→ **Captioned web image data**
__________

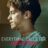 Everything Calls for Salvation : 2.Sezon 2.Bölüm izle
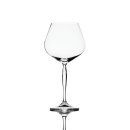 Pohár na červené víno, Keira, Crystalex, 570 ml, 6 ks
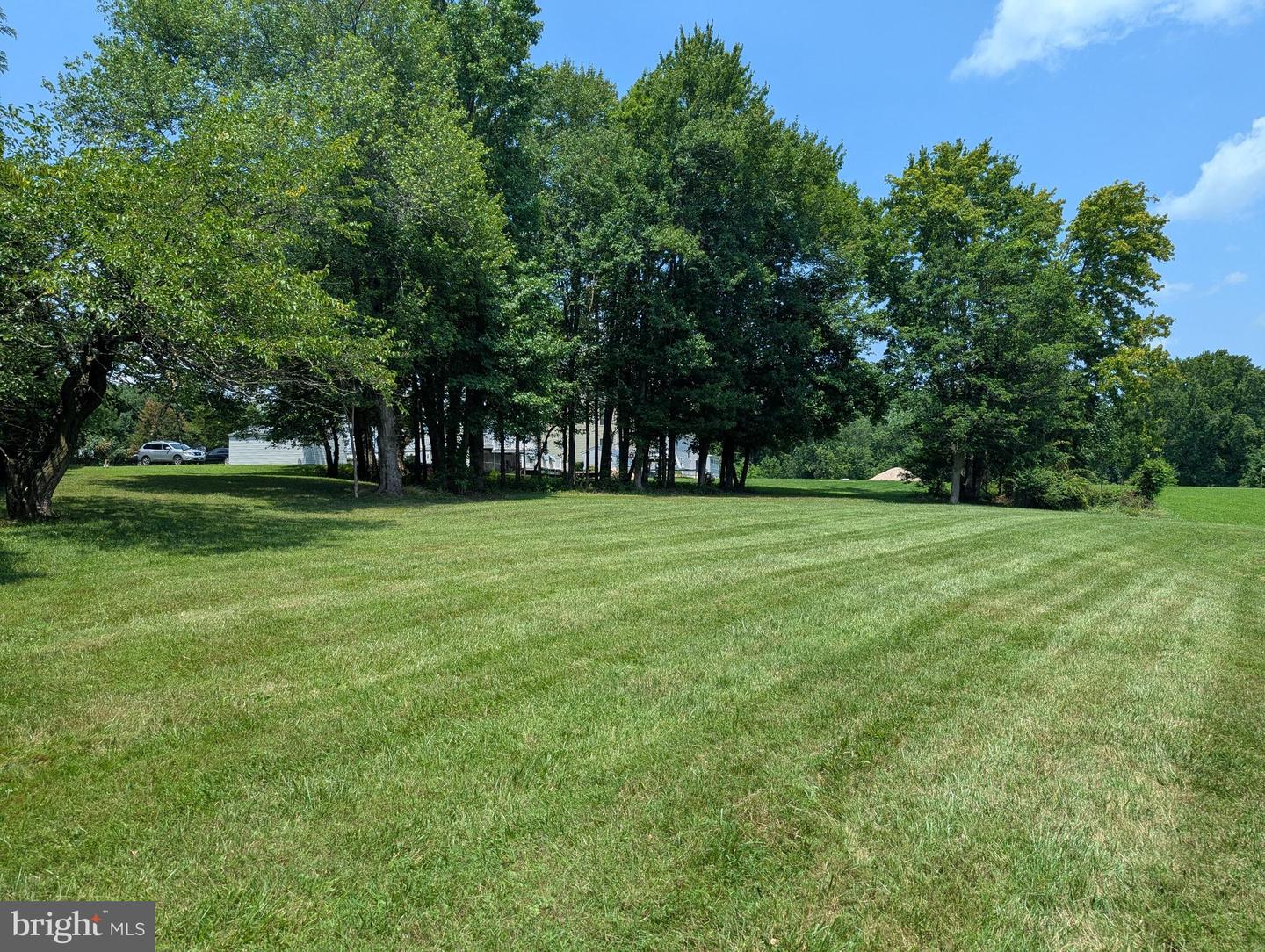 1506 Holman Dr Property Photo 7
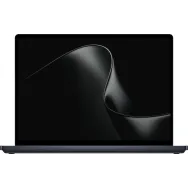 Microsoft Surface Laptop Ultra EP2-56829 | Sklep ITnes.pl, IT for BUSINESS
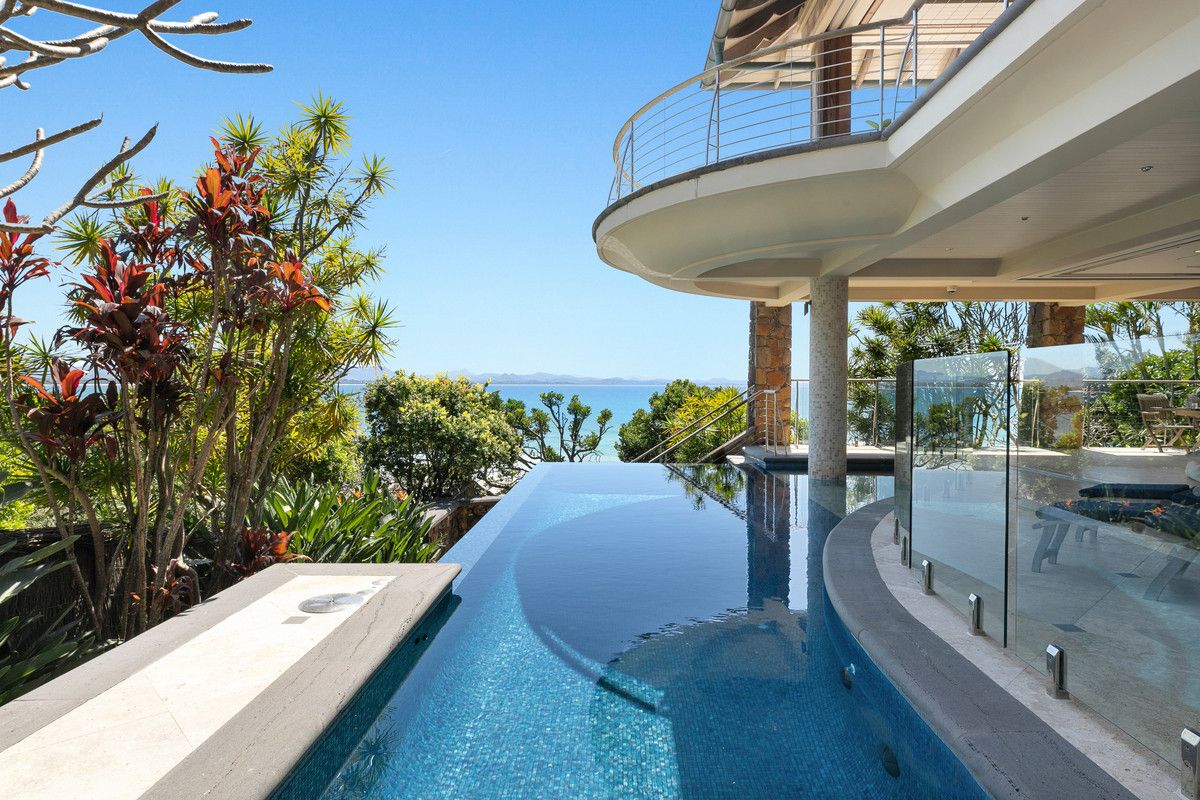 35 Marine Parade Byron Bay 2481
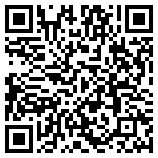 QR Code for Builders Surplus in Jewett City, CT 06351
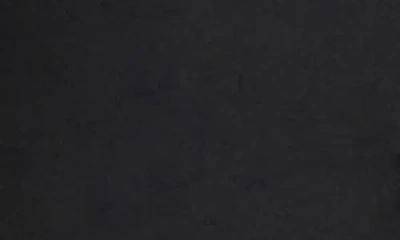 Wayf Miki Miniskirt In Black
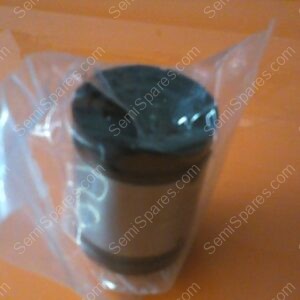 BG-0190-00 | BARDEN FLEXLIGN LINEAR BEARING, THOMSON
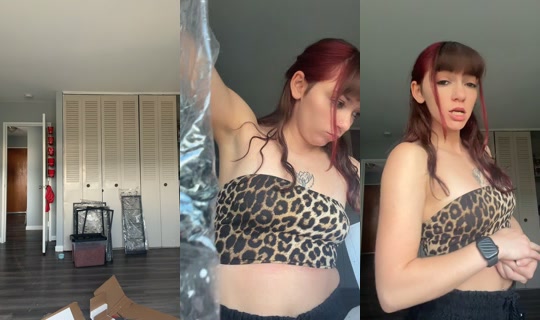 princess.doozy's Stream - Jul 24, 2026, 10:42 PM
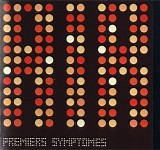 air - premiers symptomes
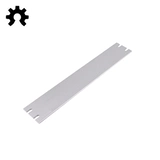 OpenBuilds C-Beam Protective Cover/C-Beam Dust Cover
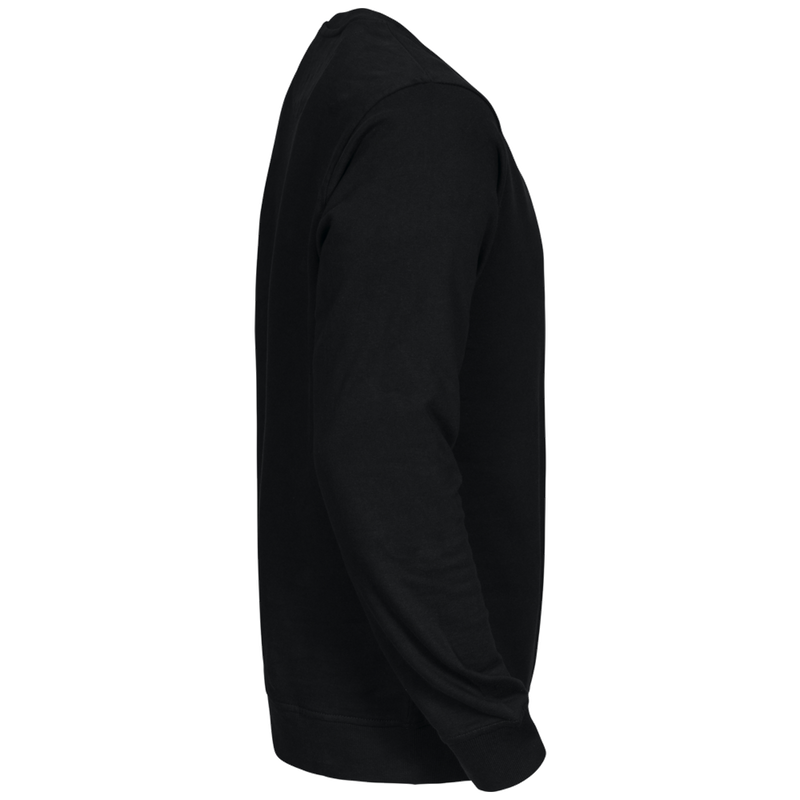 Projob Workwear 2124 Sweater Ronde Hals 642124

__________

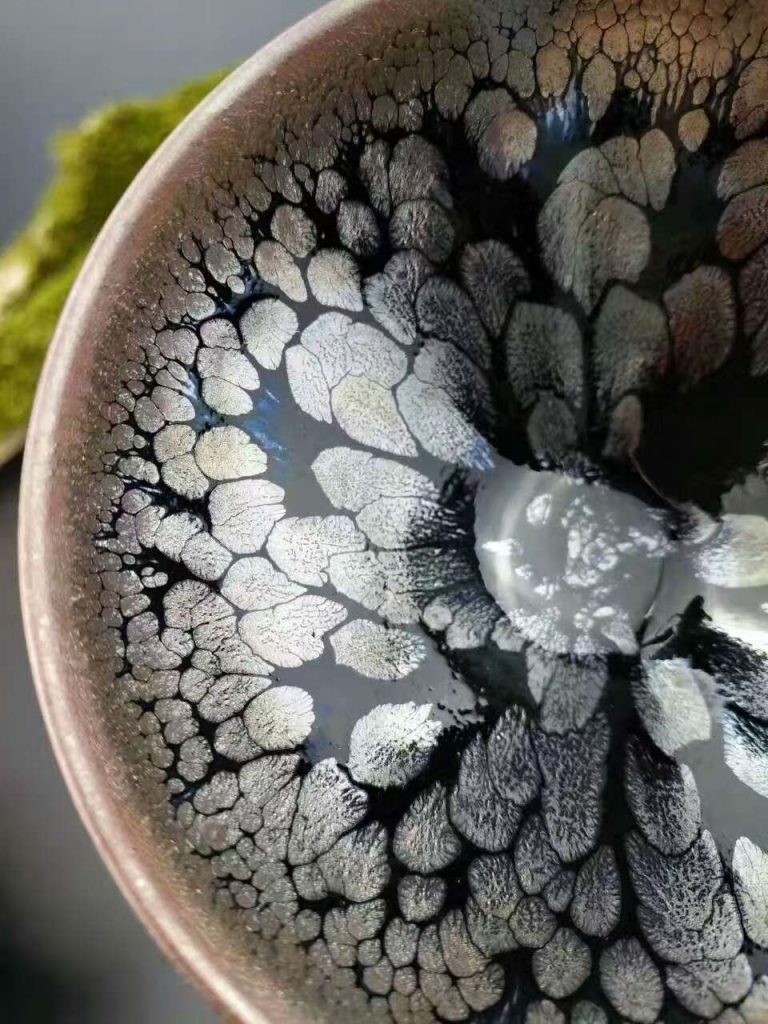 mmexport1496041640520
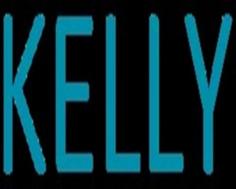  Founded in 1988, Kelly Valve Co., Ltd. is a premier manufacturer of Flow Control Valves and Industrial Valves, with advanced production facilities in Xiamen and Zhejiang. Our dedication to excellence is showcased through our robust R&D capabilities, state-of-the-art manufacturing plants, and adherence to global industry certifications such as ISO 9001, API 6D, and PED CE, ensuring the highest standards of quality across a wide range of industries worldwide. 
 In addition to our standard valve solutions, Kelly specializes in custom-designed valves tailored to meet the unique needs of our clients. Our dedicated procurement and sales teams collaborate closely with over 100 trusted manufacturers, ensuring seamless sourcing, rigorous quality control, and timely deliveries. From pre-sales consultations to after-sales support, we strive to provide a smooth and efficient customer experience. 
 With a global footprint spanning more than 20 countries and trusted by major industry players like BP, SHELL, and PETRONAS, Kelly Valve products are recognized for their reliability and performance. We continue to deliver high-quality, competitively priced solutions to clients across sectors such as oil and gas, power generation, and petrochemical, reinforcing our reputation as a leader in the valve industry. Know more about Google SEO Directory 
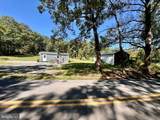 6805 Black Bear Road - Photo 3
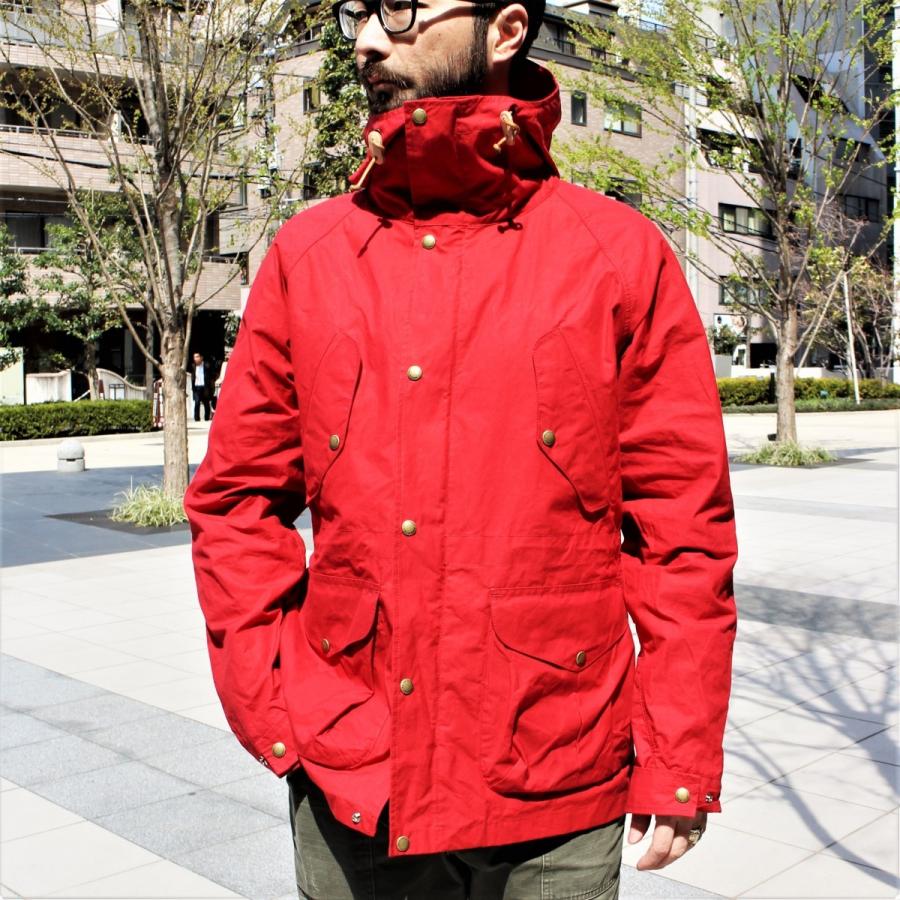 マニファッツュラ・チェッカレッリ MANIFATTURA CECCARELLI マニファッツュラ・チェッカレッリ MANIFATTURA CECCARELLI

__________

→ **Task statement**
Copy only what runs above from the line containing "Founded in 1988, Kelly" through the line containing "マニファッツュラ・チェッカレッリ MANIFATTURA CECCARELLI マニファッツュラ・チェッカレッリ", exactly. Leave out the pictures.

→ **Written reply**
  Founded in 1988, Kelly Valve Co., Ltd. is a premier manufacturer of Flow Control Valves and Industrial Valves, with advanced production facilities in Xiamen and Zhejiang. Our dedication to excellence is showcased through our robust R&D capabilities, state-of-the-art manufacturing plants, and adherence to global industry certifications such as ISO 9001, API 6D, and PED CE, ensuring the highest standards of quality across a wide range of industries worldwide. 
 In addition to our standard valve solutions, Kelly specializes in custom-designed valves tailored to meet the unique needs of our clients. Our dedicated procurement and sales teams collaborate closely with over 100 trusted manufacturers, ensuring seamless sourcing, rigorous quality control, and timely deliveries. From pre-sales consultations to after-sales support, we strive to provide a smooth and efficient customer experience. 
 With a global footprint spanning more than 20 countries and trusted by major industry players like BP, SHELL, and PETRONAS, Kelly Valve products are recognized for their reliability and performance. We continue to deliver high-quality, competitively priced solutions to clients across sectors such as oil and gas, power generation, and petrochemical, reinforcing our reputation as a leader in the valve industry. Know more about Google SEO Directory 
 6805 Black Bear Road - Photo 3
 マニファッツュラ・チェッカレッリ MANIFATTURA CECCARELLI マニファッツュラ・チェッカレッリ MANIFATTURA CECCARELLI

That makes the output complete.